|
Gandhi
(1982)
Cast: Ben Kingsley (Mahatma Gandhi), Candice Bergen
(Margaret Bourke-White), Edward Fox (General Dyer),
John Gielgud (Lord Irwin), Trevor Howard (Judge Broomfield),
John Mills (The Viceroy), Martin Sheen (Vince Walker,
Reporter New York Times), Ian Charleson (Reverend Charlie
Andrews), Athol Fugard (General Jan Christian Smuts),
Günther Maria Halmer (Dr. Herman Kallenbach), Saeed
Jaffrey (Sardar Patel), Geraldine James (Mirabehn),
Alyque Padamsee (Mohammed Ali Jinnah), Amrish Puri (Kahn),
Roshan Seth (Pandit Nehru), Rohini Hattangadi (Kasturba
Gandhi), Nigel Hawthorne (Kinnoch), Daniel Day-Lewis
(Colin), John Ratzenberger (American Lieutenant)

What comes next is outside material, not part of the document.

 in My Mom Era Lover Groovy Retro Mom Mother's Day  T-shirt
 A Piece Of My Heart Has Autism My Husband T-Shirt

Crew: Direction Richard Attenborough, Writing John
Briley, Producing Richard Attenborough, Music George
Fenton and Ravi Shankar, Cinematography Ronnie Taylor
and Billy Williams, Editing John Bloom, Production Design
Stuart Craig and Robert W. Laing, Art Direction Norman
Dorme, Robert W. Laing and Ram Yedekar, Set Direction
Michael Seirton, Costume Design Bhanu Athaiya and John
Mollo, Makeup Tom Smith, Sound Jonathan Bates, Gerry
Humphreys, Simon Kaye and Robin O'Donoghue, Production
Company Carolina Bank, Goldcrest Films International,
Indo-British, International Film Investors and National
Film Development Corporation of India, Distributor Columbia
Pictures Length: 188 minutes
|
|
Academy
Awards:
· Won for Best Picture (Richard Attenborough) · Won
for Best Director (Richard Attenborough) · Won for Best
Writing, Screenplay Written Directly for the Screen
(John Briley) · Won for Best Actor in a Leading Role
(Ben Kingsley) · Won for Best Art Direction-Set Decoration
(Stuart Craig, Robert W. Laing and Michael Seirton)

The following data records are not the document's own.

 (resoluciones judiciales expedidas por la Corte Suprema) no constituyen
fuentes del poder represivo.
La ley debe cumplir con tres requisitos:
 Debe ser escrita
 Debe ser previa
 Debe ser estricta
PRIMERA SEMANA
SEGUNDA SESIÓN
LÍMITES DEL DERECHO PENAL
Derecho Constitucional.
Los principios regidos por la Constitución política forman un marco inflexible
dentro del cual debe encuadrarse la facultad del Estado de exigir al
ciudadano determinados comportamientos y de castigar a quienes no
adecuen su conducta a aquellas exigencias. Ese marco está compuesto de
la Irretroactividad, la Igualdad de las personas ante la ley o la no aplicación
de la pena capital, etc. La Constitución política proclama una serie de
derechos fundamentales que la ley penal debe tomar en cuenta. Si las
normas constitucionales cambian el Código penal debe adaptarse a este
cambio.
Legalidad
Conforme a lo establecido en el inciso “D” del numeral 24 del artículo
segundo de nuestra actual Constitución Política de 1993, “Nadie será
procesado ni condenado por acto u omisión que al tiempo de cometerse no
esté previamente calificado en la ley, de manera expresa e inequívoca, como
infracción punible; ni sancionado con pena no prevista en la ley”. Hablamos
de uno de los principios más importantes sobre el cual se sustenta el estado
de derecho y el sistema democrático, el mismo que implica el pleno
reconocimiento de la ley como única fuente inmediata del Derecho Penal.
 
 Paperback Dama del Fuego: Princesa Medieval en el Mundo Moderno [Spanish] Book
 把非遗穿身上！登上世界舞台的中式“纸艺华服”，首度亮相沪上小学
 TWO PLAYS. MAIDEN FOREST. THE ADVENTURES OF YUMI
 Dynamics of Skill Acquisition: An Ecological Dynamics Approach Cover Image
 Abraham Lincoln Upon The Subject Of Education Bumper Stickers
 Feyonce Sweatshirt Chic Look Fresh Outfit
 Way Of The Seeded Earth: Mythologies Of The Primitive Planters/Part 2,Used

· Won for Best Cinematography (Ronnie Taylor and Billy
Williams) · Won for Best Costume Design (Bhanu Athaiya
and John Mollo) · Won for Best Film Editing (John Bloom)

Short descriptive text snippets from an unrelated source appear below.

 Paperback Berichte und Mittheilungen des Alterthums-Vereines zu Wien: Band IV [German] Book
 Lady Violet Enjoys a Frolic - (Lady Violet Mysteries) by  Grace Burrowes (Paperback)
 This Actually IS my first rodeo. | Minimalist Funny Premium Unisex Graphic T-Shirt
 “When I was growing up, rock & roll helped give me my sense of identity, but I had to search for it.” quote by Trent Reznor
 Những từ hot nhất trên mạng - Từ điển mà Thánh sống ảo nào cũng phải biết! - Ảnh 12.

· Nominated for Best Makeup (Tom Smith) · Nominated
for Best Music, Original Score (George Fenton and Ravi
Shankar) · Nominated for Best Sound (Jonathan Bates,
Gerry Humphreys, Simon Kaye and Robin O'Donoghue)
Golden
Globes:
· Won for Best Director - Motion Picture (Richard Attenborough)
· Won for Best Screenplay - Motion Picture (John Briley)
· Won for Best Actor in a Motion Picture - Drama (Ben
Kingsley) · Won for Best Foreign Film (Great Britain)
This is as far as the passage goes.